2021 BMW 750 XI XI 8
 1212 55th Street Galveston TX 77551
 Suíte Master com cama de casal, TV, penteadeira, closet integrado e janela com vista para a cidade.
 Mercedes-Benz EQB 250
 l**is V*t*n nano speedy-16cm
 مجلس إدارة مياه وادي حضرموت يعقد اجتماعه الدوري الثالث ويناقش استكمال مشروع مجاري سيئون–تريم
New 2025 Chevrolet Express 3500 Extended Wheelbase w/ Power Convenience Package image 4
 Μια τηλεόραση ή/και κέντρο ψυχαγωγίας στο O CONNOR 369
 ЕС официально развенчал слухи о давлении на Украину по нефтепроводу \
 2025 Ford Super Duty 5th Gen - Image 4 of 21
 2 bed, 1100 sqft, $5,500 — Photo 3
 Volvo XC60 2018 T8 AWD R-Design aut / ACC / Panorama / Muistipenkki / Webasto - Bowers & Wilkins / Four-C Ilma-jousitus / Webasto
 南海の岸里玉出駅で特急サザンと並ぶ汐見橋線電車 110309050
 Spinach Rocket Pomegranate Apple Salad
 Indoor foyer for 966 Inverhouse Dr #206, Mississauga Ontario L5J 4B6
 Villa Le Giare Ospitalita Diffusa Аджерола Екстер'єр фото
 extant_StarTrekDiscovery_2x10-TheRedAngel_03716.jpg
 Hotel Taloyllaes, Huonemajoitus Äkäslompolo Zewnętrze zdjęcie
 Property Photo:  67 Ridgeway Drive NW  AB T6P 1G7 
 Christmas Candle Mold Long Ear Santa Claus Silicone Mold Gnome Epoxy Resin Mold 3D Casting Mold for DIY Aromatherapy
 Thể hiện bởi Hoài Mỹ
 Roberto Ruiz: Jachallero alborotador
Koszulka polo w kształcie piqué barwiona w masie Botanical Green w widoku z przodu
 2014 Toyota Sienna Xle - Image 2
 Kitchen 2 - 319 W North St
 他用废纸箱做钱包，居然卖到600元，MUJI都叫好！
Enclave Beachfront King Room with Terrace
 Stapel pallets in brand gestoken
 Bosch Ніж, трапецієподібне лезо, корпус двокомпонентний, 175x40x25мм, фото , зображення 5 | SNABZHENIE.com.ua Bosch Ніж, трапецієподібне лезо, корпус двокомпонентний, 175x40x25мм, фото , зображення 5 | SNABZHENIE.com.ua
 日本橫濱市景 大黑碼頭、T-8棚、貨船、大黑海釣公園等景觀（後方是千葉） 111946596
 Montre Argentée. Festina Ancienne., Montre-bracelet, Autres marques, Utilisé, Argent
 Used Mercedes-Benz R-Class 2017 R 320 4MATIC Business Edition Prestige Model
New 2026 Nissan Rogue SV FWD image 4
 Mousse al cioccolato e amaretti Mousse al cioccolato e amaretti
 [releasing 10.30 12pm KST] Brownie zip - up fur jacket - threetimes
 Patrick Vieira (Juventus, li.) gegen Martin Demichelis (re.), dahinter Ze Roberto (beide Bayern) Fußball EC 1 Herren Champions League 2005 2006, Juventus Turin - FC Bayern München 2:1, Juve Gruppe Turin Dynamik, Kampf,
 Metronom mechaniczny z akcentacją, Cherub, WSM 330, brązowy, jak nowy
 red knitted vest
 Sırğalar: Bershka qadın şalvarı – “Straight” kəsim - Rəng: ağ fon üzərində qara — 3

EXERCISE INSTRUCTIONS: Reproduce only the lines above, starting at the line with "Mercedes-Benz EQB 250" and ending at the line with "extant_StarTrekDiscovery_2x10-TheRedAngel_03716.jpg", exactly as written.

TASK ANSWER:
 Mercedes-Benz EQB 250
 l**is V*t*n nano speedy-16cm
 مجلس إدارة مياه وادي حضرموت يعقد اجتماعه الدوري الثالث ويناقش استكمال مشروع مجاري سيئون–تريم
New 2025 Chevrolet Express 3500 Extended Wheelbase w/ Power Convenience Package image 4
 Μια τηλεόραση ή/και κέντρο ψυχαγωγίας στο O CONNOR 369
 ЕС официально развенчал слухи о давлении на Украину по нефтепроводу \
 2025 Ford Super Duty 5th Gen - Image 4 of 21
 2 bed, 1100 sqft, $5,500 — Photo 3
 Volvo XC60 2018 T8 AWD R-Design aut / ACC / Panorama / Muistipenkki / Webasto - Bowers & Wilkins / Four-C Ilma-jousitus / Webasto
 南海の岸里玉出駅で特急サザンと並ぶ汐見橋線電車 110309050
 Spinach Rocket Pomegranate Apple Salad
 Indoor foyer for 966 Inverhouse Dr #206, Mississauga Ontario L5J 4B6
 Villa Le Giare Ospitalita Diffusa Аджерола Екстер'єр фото
 extant_StarTrekDiscovery_2x10-TheRedAngel_03716.jpg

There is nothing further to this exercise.